====== Material provided

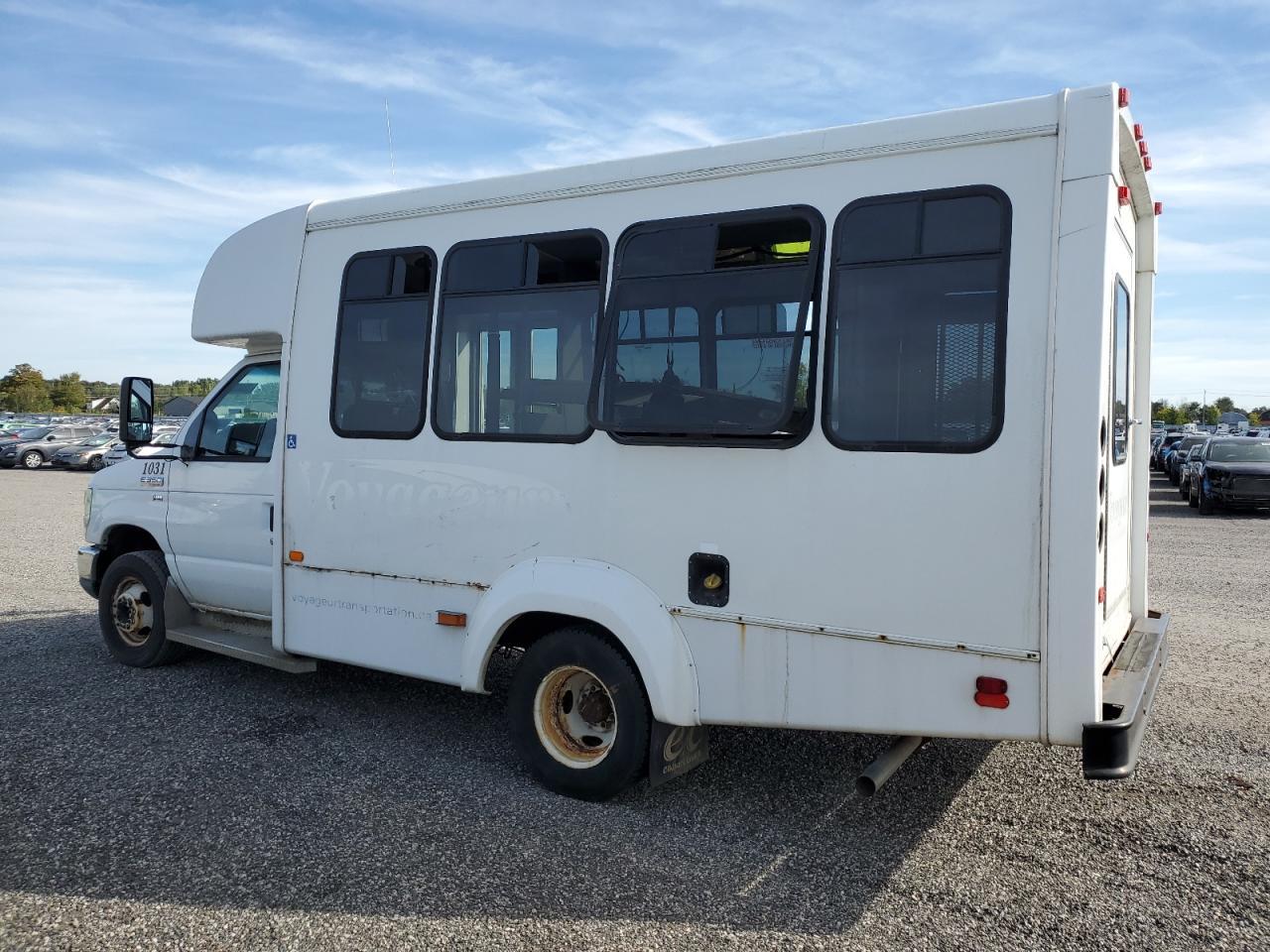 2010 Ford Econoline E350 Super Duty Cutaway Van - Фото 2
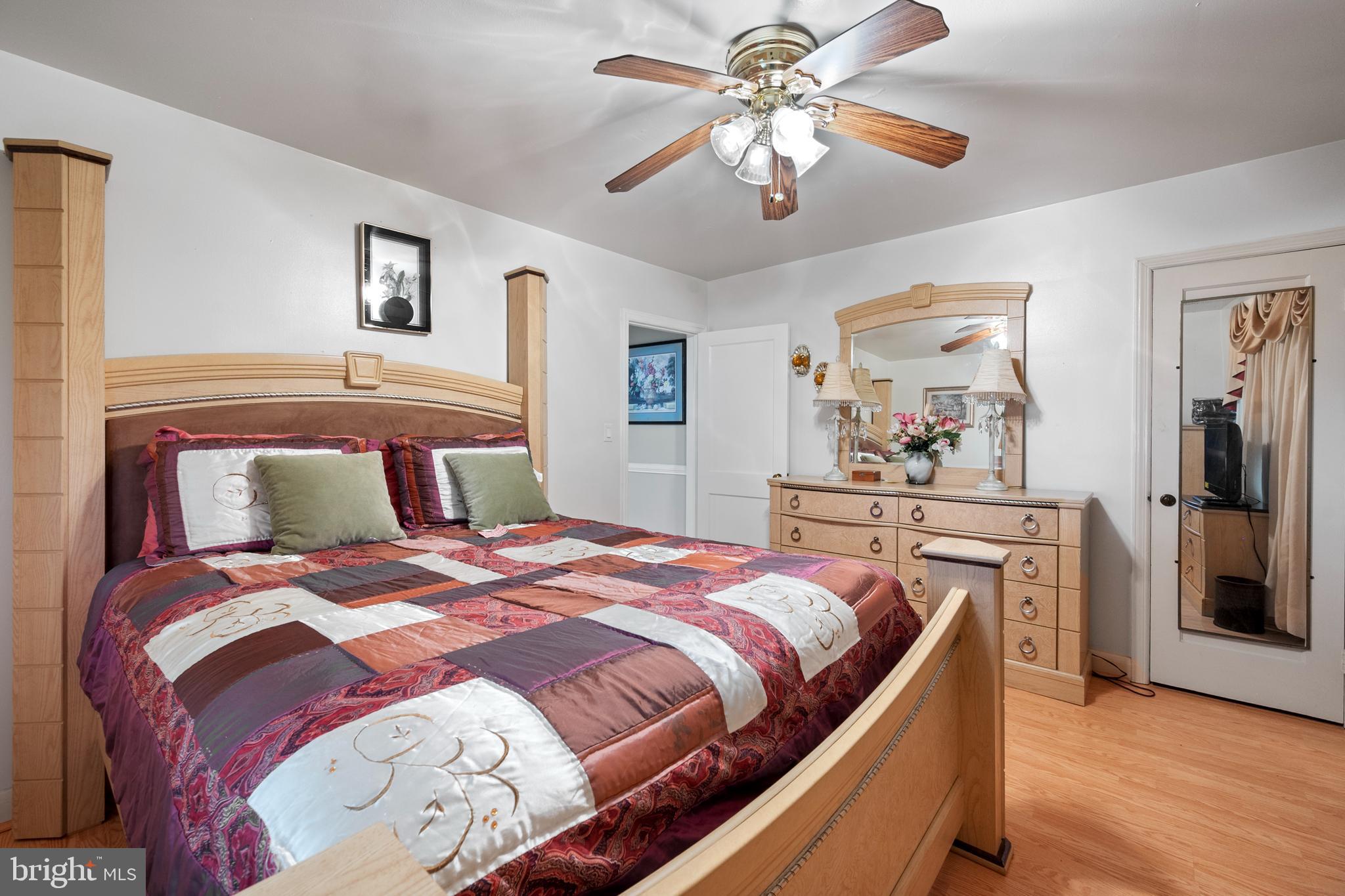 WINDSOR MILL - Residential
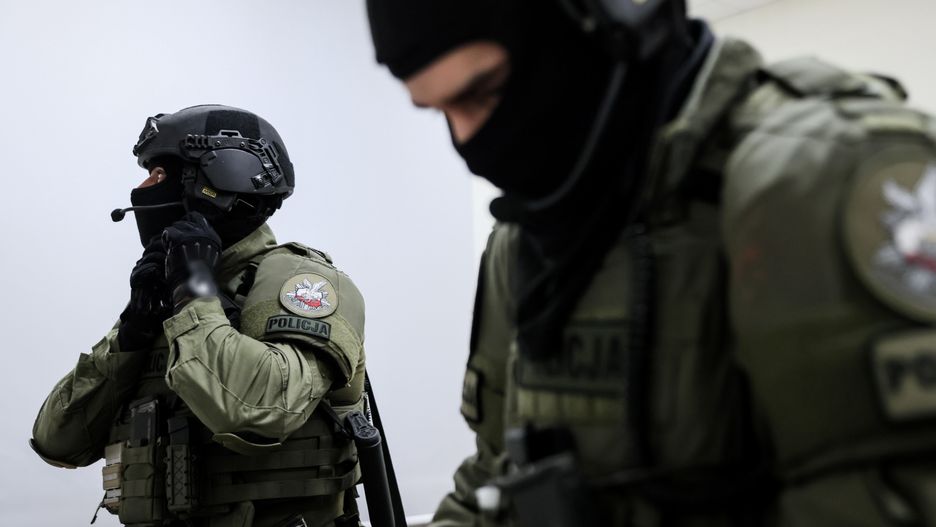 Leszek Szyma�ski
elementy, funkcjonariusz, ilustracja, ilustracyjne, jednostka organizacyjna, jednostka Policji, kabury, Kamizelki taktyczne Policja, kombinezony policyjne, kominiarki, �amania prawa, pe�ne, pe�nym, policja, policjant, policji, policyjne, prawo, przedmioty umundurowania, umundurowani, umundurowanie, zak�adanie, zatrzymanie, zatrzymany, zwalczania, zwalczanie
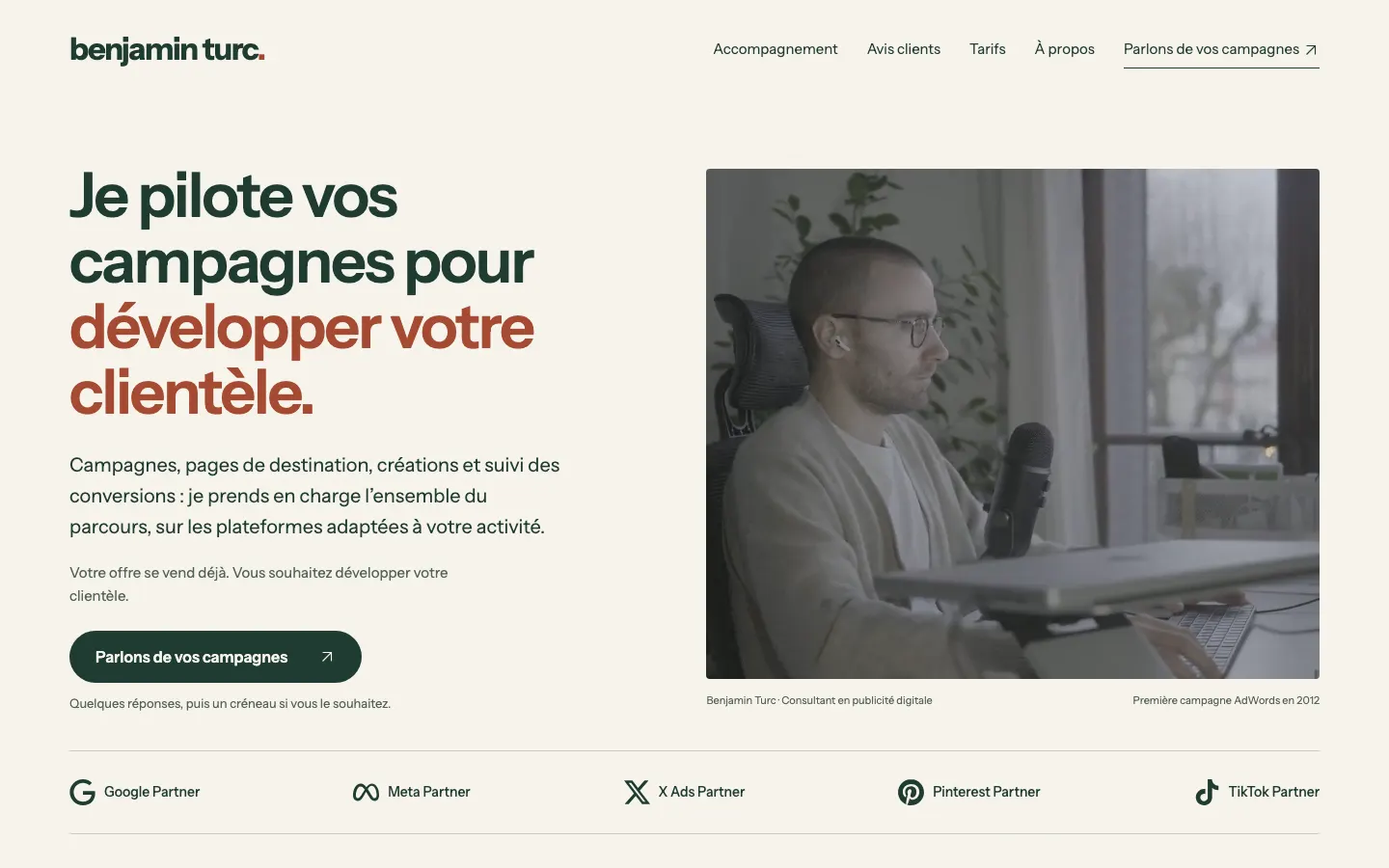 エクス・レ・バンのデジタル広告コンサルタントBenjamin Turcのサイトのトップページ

============

● **Activity**: Could the entries above be written out word for word, with no pictures?

● **Answer for this exercise**:
 2010 Ford Econoline E350 Super Duty Cutaway Van - Фото 2
 WINDSOR MILL - Residential
 Leszek Szyma�ski
elementy, funkcjonariusz, ilustracja, ilustracyjne, jednostka organizacyjna, jednostka Policji, kabury, Kamizelki taktyczne Policja, kombinezony policyjne, kominiarki, �amania prawa, pe�ne, pe�nym, policja, policjant, policji, policyjne, prawo, przedmioty umundurowania, umundurowani, umundurowanie, zak�adanie, zatrzymanie, zatrzymany, zwalczania, zwalczanie
 エクス・レ・バンのデジタル広告コンサルタントBenjamin Turcのサイトのトップページ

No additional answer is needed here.